Plan C: Self-service maintenance
Self-service maintenance involves providing customers and partners a window of time, within which they can choose when to initiate impactful maintenance on their VM(s). This initial self-service phase typically lasts around a month and empowers organizations to perform the maintenance on their own schedules so it has no or minimal disruption to users. At the end of this self-service window, a scheduled maintenance phase begins—this is where Azure will perform the maintenance automatically. Throughout both phases, customers get full visibility of which VMs have or have not been updated—in Azure Service Health or by querying in PowerShell/CLI. Azure first offered self-service maintenance in 2018. We generally see that administrators take advantage of the self-service phase rather than wait for Azure to perform maintenance on their VMs automatically.
In addition to this, when the customer owns the full host machine, either using Azure Dedicated Hosts or Isolated virtual machines, we recently started to offer maintenance control over all non-zero impact platform updates. This includes rebootless updates which only cause a few seconds pause. It is useful for VMs running ultra-sensitive workloads which can’t sustain any interruption even if it lasts just for a few seconds. Customers can choose when to apply these non-zero impact updates in a 35-day rolling window. This feature is in public preview, and more information can be found in this dedicated blog post.

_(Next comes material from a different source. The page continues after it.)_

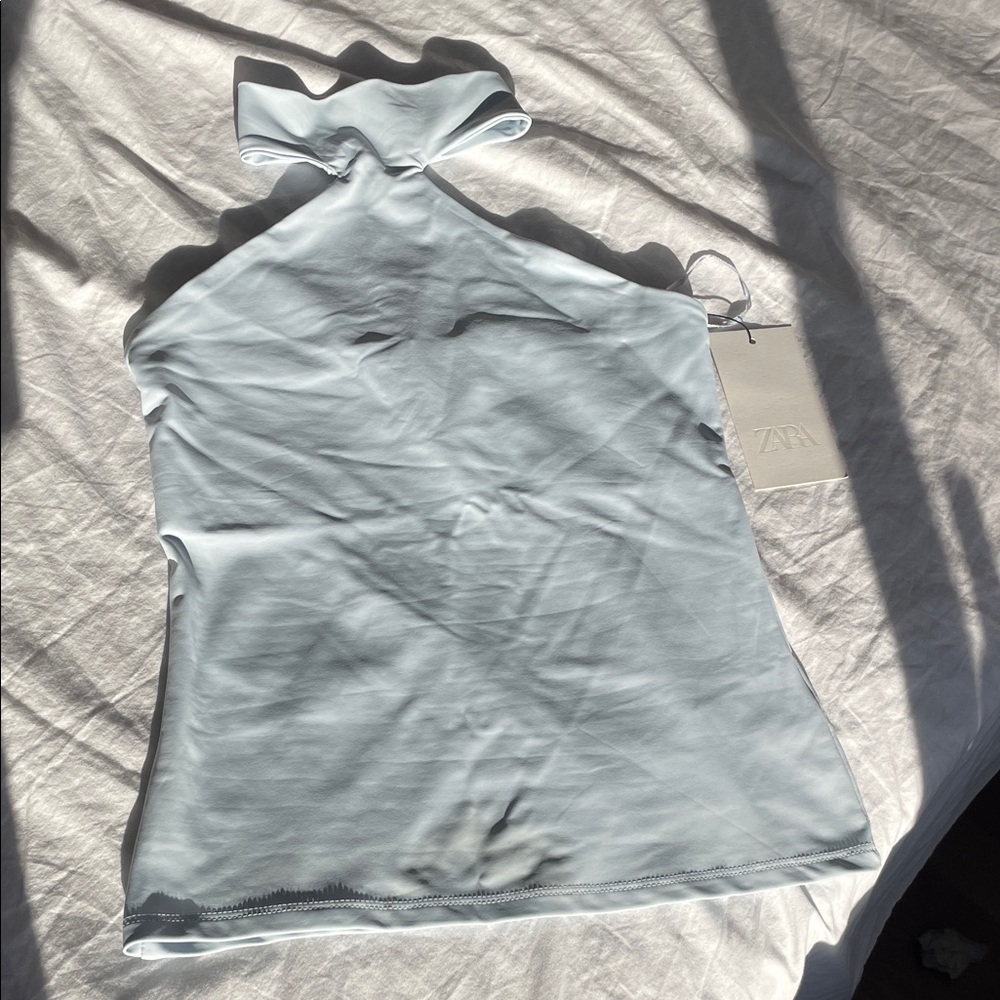 ZARA Pale Blue Halter Neck Tank Top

Sometimes in-place update technologies aren’t viable, like when a host shows signs of hardware degradation. In such cases, the best option is to initiate a move of the VM to another host, either through customer control via planned maintenance or through live migration.
Plan D: Live migration
Live migration involves moving a running customer VM from one “source” host to another “destination” host. Live migration starts by moving the VM’s local state (including RAM and local storage) from the source to the destination while the virtual machine is still running. Once most of the local state is moved, the guest VM experiences a short pause usually lasting five seconds or less. After that pause, the VM resumes running on the destination host. Azure first started using live migration for maintenance in 2018. Today, when Azure Machine Learning algorithms predict an impending hardware failure, live migration can be used to move guest VMs onto different hosts preemptively.

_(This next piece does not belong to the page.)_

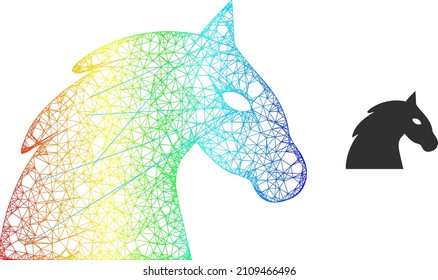Icono de modelo de cabeza de caballo de red con gradiente arco iris. Icono de cabeza de caballo de la red de canales de color. Malla plana creada a partir del icono de la cabeza de caballo y las líneas de cruce.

Amongst other topics, planned maintenance and AI Operations were covered in Igal Figlin’s recent Ignite 2019 session “Building resilient applications in Azure.” Watch the recording here for additional context on these, and to learn more about how to take advantage of the various resilient services Azure provides to help you build applications that are inherently resilient.

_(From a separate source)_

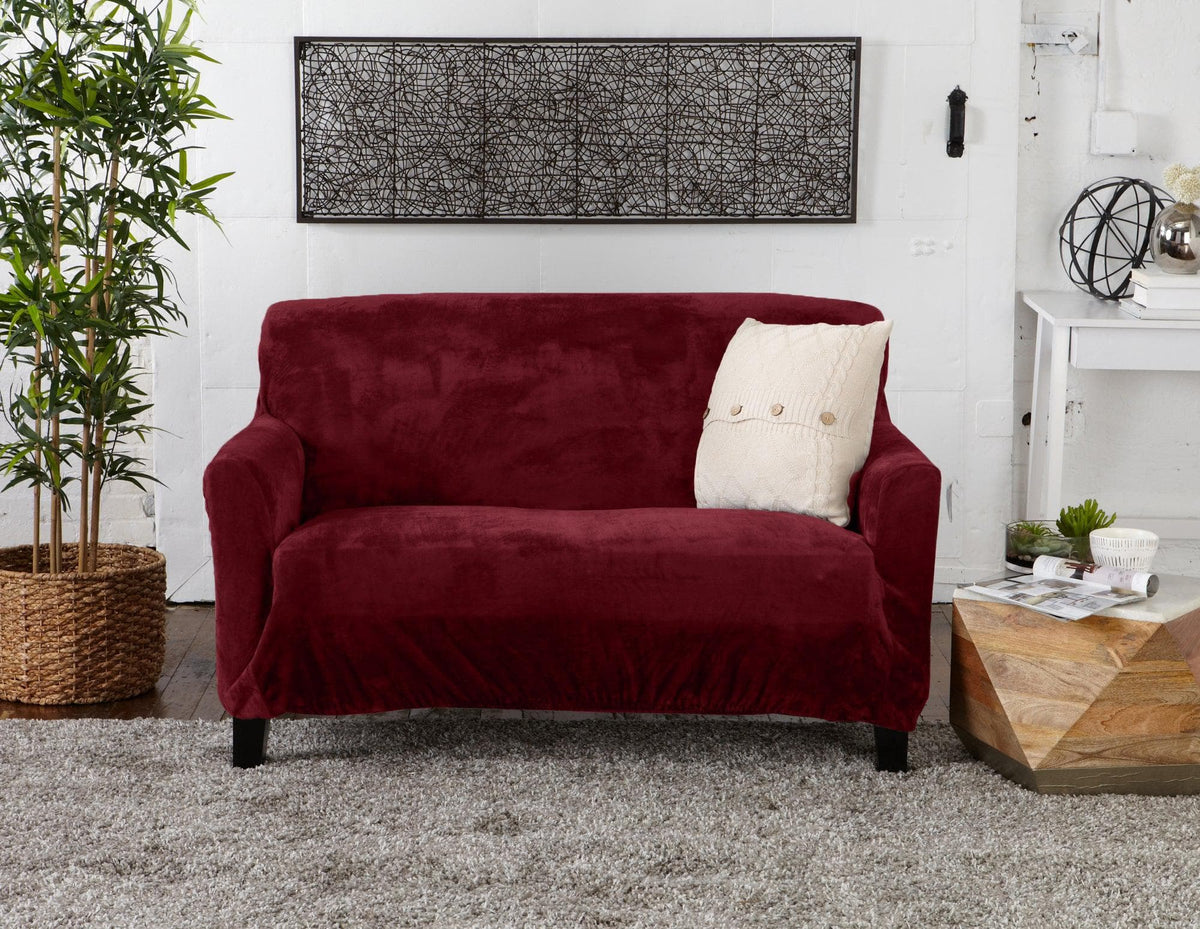 Velvet Stretch Slipcover – Gale Collection Form-Fit Sofa Cover – view 237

The future of Azure maintenance
In summary, the way in which Azure performs maintenance varies significantly depending on the type of updates being applied. Regardless of the specifics, Azure always approaches maintenance with a view towards ensuring the smallest possible impact to customer workloads. This post has outlined several of the technologies that we use to achieve this, and we are working diligently to continue improving the customer experience. As we look toward the future, we are investing heavily in machine learning-based insights and automation to maintain availability and reliability. Eventually, this “AI Operations” model will carry out preventative maintenance, initiate automated mitigations, and identify contributing factors and dependencies during incidents more effectively than our human engineers can. We look forward to sharing more on these topics as we continue to learn and evolve.